I have a kubernetes pod that should be replacing an older pod, but is stuck in pending with these event outputs on the pod:
Normal TriggeredScaleUp 14m (x56 over 1d) cluster-autoscaler pod triggered scale-up: [{nodes.sand.k8s.local 4->5 (max: 7)}]
Normal NotTriggerScaleUp 3m (x1838 over 1d) cluster-autoscaler pod didn't trigger scale-up (it wouldn't fit if a new node is added)
Warning FailedScheduling 1m (x8556 over 1d) default-scheduler 0/5 nodes are available: 2 Insufficient memory, 3 PodToleratesNodeTaints.

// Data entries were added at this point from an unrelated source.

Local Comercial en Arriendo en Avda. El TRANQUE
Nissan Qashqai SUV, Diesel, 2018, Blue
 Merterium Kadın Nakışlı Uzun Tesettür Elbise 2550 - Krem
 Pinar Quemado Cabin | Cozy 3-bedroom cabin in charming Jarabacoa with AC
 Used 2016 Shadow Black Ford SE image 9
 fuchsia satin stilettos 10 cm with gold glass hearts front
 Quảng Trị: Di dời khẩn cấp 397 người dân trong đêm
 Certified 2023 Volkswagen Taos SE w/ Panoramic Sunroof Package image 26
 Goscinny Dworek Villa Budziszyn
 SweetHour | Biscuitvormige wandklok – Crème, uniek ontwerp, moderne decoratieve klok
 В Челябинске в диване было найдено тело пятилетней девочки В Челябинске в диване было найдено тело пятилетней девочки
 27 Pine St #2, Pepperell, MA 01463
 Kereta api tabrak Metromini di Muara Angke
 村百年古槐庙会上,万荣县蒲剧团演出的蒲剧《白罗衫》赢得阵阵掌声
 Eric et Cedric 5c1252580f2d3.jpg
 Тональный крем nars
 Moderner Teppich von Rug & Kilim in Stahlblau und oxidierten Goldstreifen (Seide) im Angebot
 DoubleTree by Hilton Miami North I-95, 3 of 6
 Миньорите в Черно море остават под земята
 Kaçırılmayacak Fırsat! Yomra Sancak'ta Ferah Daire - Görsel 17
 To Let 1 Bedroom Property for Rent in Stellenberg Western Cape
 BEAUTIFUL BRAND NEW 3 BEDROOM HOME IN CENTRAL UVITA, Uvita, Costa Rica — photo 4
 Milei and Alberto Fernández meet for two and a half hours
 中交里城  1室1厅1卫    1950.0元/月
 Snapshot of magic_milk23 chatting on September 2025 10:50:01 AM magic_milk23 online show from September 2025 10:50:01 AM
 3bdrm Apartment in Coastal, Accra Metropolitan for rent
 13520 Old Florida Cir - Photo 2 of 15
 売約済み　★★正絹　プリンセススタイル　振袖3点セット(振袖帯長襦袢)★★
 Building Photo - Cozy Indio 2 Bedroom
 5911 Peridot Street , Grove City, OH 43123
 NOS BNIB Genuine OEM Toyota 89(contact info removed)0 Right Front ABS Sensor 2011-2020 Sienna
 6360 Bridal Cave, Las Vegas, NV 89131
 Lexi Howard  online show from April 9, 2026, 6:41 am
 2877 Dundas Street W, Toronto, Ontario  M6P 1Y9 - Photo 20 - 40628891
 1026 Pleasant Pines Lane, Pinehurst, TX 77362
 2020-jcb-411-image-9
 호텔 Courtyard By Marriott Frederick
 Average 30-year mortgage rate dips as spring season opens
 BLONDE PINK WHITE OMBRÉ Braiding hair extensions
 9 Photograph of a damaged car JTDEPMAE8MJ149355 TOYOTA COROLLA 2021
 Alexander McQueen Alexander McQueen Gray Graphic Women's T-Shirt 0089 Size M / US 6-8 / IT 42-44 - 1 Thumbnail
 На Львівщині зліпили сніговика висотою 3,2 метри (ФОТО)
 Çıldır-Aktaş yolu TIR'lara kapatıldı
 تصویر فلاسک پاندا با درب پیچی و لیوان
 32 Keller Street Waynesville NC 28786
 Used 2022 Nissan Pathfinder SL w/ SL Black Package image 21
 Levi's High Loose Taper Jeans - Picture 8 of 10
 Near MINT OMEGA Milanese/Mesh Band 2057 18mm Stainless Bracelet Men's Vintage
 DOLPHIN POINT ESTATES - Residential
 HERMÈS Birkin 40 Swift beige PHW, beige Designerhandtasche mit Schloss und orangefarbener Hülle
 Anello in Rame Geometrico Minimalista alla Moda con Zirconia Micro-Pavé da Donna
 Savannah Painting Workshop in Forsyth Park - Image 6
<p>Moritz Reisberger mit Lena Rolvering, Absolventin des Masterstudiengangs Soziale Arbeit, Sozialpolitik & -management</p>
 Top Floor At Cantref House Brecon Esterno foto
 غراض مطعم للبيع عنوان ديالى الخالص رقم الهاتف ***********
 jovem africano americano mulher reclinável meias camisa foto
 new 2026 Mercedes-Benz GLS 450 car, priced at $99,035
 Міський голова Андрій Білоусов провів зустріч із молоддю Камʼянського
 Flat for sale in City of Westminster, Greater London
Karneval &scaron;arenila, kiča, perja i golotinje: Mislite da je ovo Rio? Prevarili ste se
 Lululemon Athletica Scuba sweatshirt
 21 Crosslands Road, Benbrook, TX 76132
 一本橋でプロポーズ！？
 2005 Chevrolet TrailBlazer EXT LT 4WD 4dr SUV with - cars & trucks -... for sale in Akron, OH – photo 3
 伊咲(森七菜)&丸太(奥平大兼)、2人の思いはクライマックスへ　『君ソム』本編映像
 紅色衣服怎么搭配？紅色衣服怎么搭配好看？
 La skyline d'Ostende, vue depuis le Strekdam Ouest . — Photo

The 3 PodToleratesNodeTaints
makes sense, but the 2 Insufficient memory
doesn't, because there's enough memory available on both nodes.
Pod memory request:
Limits:
cpu: 1
memory: 1717986918400m
Requests:
cpu: 100m
memory: 600Mi
Node #1 mem stats:
Capacity:
cpu: 1
memory: 2050944Ki
pods: 110
Allocatable:
cpu: 1
memory: 1948544Ki
pods: 110
Allocated resources:
(Total limits may be over 100 percent, i.e., overcommitted.)
Resource Requests Limits
-------- -------- ------
cpu 320m (32%) 2 (200%)
memory 1700Mi (89%) 3960261836800m (198%)
Node #2 stats:
Capacity:
cpu: 1
memory: 2050944Ki
pods: 110
Allocatable:
cpu: 1
memory: 1948544Ki
pods: 110
Allocated resources:
(Total limits may be over 100 percent, i.e., overcommitted.)
Resource Requests Limits
-------- -------- ------
cpu 320m (32%) 2 (200%)
memory 1700Mi (89%) 3960261836800m (198%)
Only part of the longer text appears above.